Hull of a question
The Note has gone nautical for the first edition of 2012, prompted by receipt of a calendar from shipbuilder Austal, which came with a twist.
Austal has combined pictures of its ships, operations and premises with a quiz.
Each month has its owns questions, for which you can win a prize. The Note is stumped on needing a name for any one of the RAN’s eight Cape Class patrol boats, named after the geographical feature.
They will replace the Bay Class boats, which were named after … yes, that’s right, bays.
Creative bunch, the navy. The Note hopes the next lot aren’t named after reefs.
Steel on issues nautical ...
Continuing on the maritime theme, The Note was intrigued by a snippet of news that Gindalbie Metals’ Karara joint venture partner Ansteel, a steelmaker, plans to set up a shipping company with China Ocean Shipping Company (COSCO), a major player in that sector.
Did this have anything to do with plans for iron ore production out of the Karara project in the Mid West, we pondered?
Seeking a bit of a tip, The Note went to shipping experts Braemar Seascope for the inside word, and found out that such a move was expected.

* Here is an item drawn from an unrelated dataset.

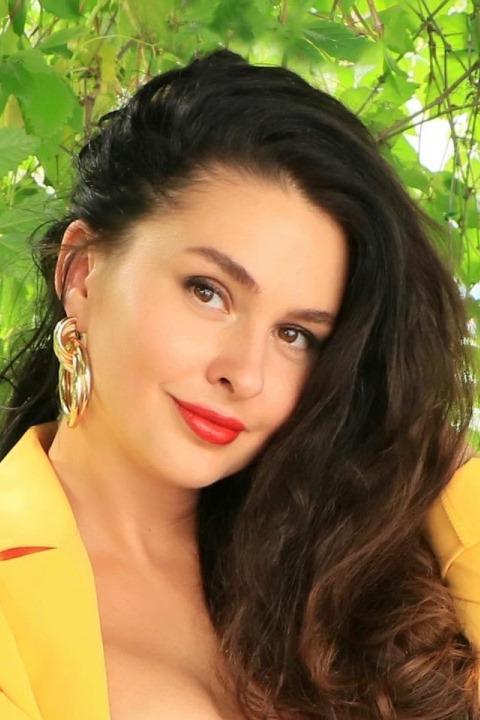 Anna sucht einen Partner über die Partnervermittlung Ukraine Foto von Anna, einer Frau aus der Ukraine auf Partnersuche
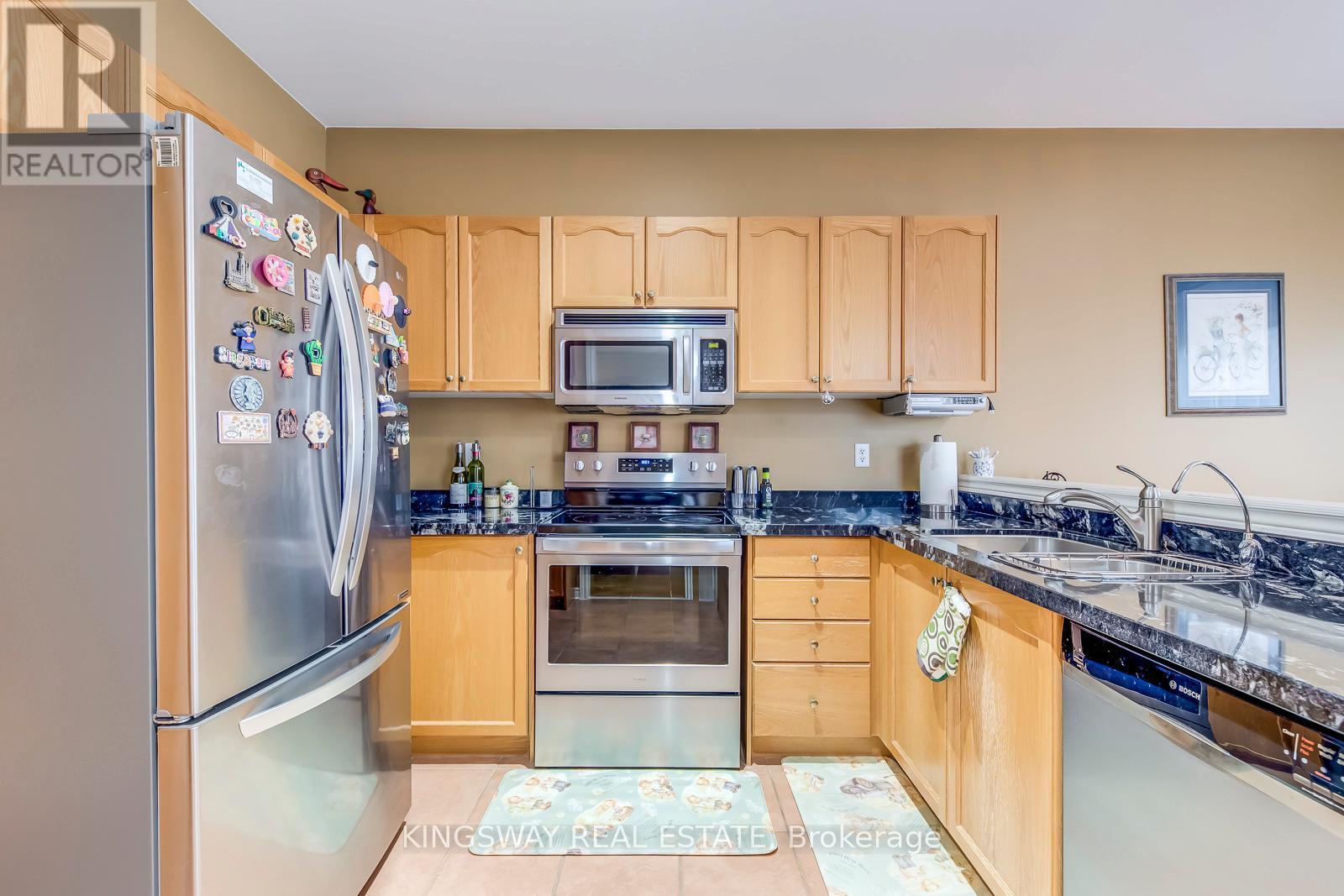 5829 Yachtsman Crossing, Mississauga, ON - Indoor Photo Showing Kitchen With Double Sink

“China has stated previously that it wishes to control more of its shipping requirements going forward,” Braemar’s Richard Williams said.
“While shipping is a critical component in the supply chain for all miners, it is even more critical in the case of a magnetite miner, whereby the ore is beneficiated on-site before being transported by slurry pipeline a great distance to the port where it is dewatered and stockpiled for shipment.
“This process, once started, is very costly and difficult for the miner to stop hence the need for regular and precise shipments is magnified to match to the mine’s output.”